(CN) – An order uncapping the number of taxi licenses in Minneapolis does not violate cab drivers’ constitutional rights, the 8th Circuit ruled. The court said license holders have no property interest in the market value of their licenses.
The Minneapolis Taxi Owners Coalition, which represents 75 license holders, claimed they were denied due process and fair compensation when the city removed the license ceiling in 2006.
In a March 2007 lawsuit, the group said that by opening a previously closed market, the ordinance reduced license values to nothing. The licenses initially cost around $500, but were worth between $19,000 and $25,000 resale.
But the group didn’t have standing to sue, the district court ruled, because they held no interest in the market value of the licenses.
The St.
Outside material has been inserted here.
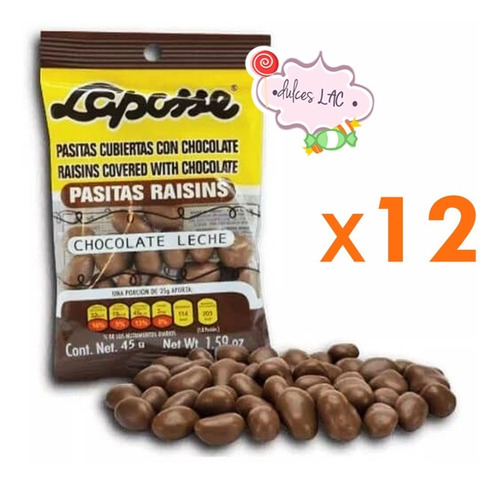 Pasita Chocolate Laposse De 45grs - 12 Pack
Louis-based federal appeals court affirmed dismissal of the suit.
“The taxicab licenses themselves do not carry an inherent property interest,” Judge Melloy wrote, because they have no guaranteed minimum value.
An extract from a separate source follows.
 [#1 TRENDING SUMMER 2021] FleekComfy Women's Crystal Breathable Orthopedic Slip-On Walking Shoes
At a 2006 city council hearing to review license limits, cab drivers fought to keep the cap, complaining that there was not enough business to support the increased competition. But economists said removing the cap would boost jobs and the level of service, and would encourage more wheelchair-accessible cabs, service to minority communities and environmentally friendly cabs.
The order requires new taxicab companies to make 10 percent of their fleet fuel-efficient and 10 percent wheelchair-friendly. For existing companies, this requirement is lowered to 5 percent until 2010, when it will jump to 10 percent.
The 8th Circuit said the coalition lacks standing, because the requirements apply only to licensed service companies, not to individual license holders. The coalition claims no affiliation with service companies, the judges noted.
The court also rejected the coalition’s takings claim and due process claim.
The approved plan will increase the number of licenses by 45 a year until 2010, when the cap will be removed completely.